Aim of the exercise: Only the pictures are to be left out; return the rest of the data exactly as it stands.

Information provided:
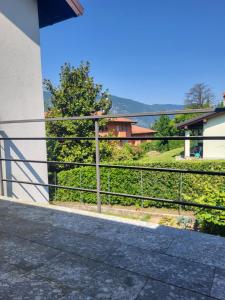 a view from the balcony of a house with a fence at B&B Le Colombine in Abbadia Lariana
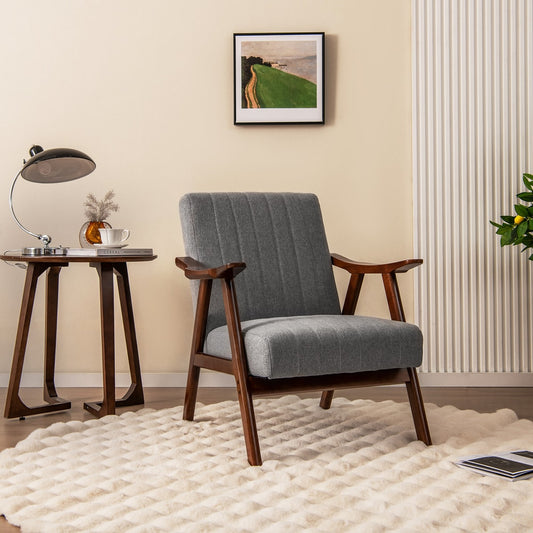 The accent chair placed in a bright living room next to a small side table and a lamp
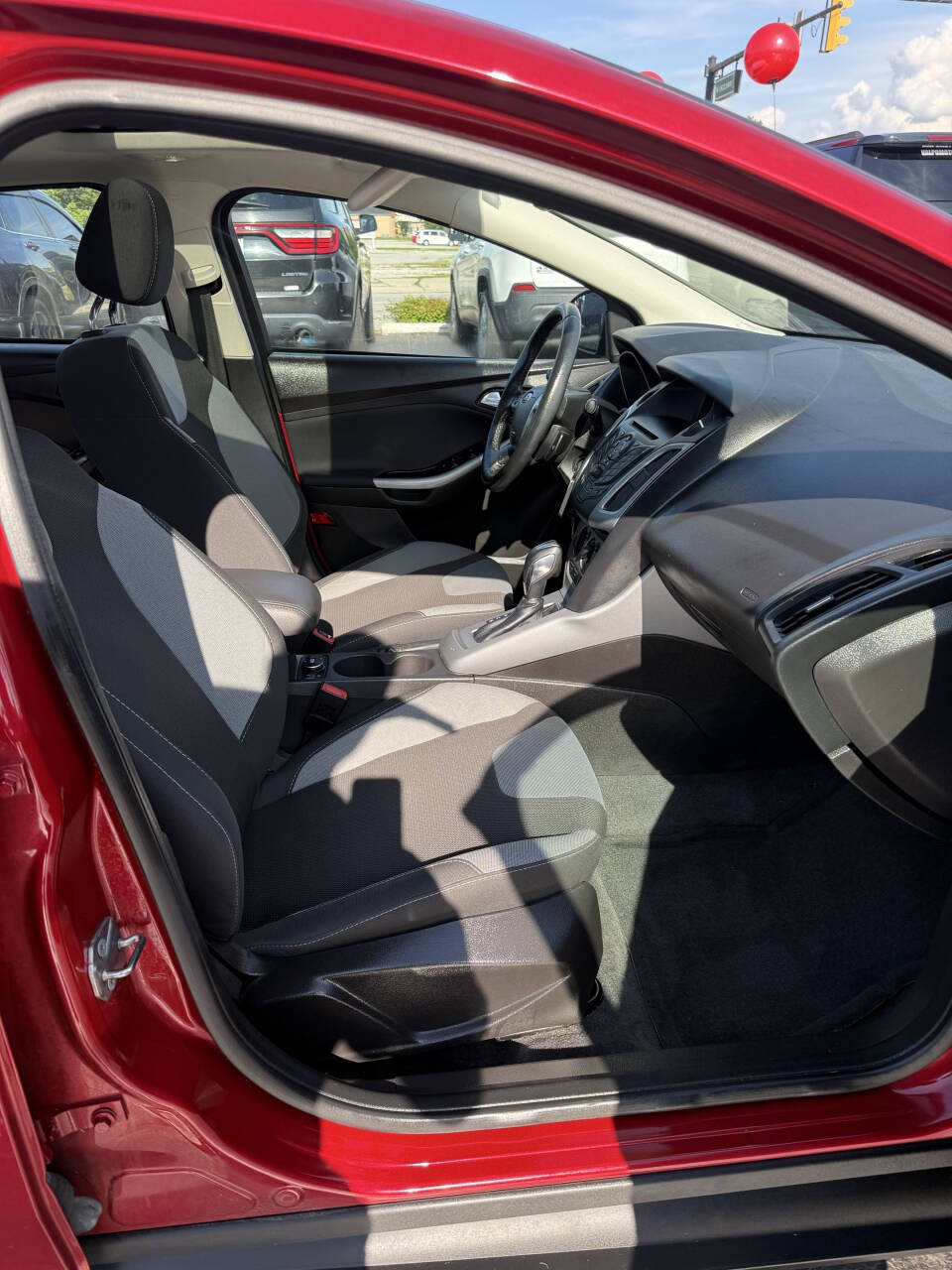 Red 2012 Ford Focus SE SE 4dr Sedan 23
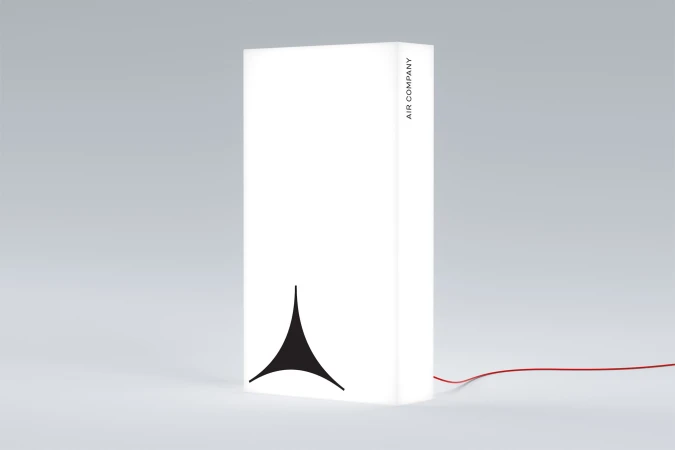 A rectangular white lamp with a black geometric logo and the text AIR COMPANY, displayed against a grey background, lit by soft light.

Result:
 a view from the balcony of a house with a fence at B&B Le Colombine in Abbadia Lariana
 The accent chair placed in a bright living room next to a small side table and a lamp
 Red 2012 Ford Focus SE SE 4dr Sedan 23
 A rectangular white lamp with a black geometric logo and the text AIR COMPANY, displayed against a grey background, lit by soft light.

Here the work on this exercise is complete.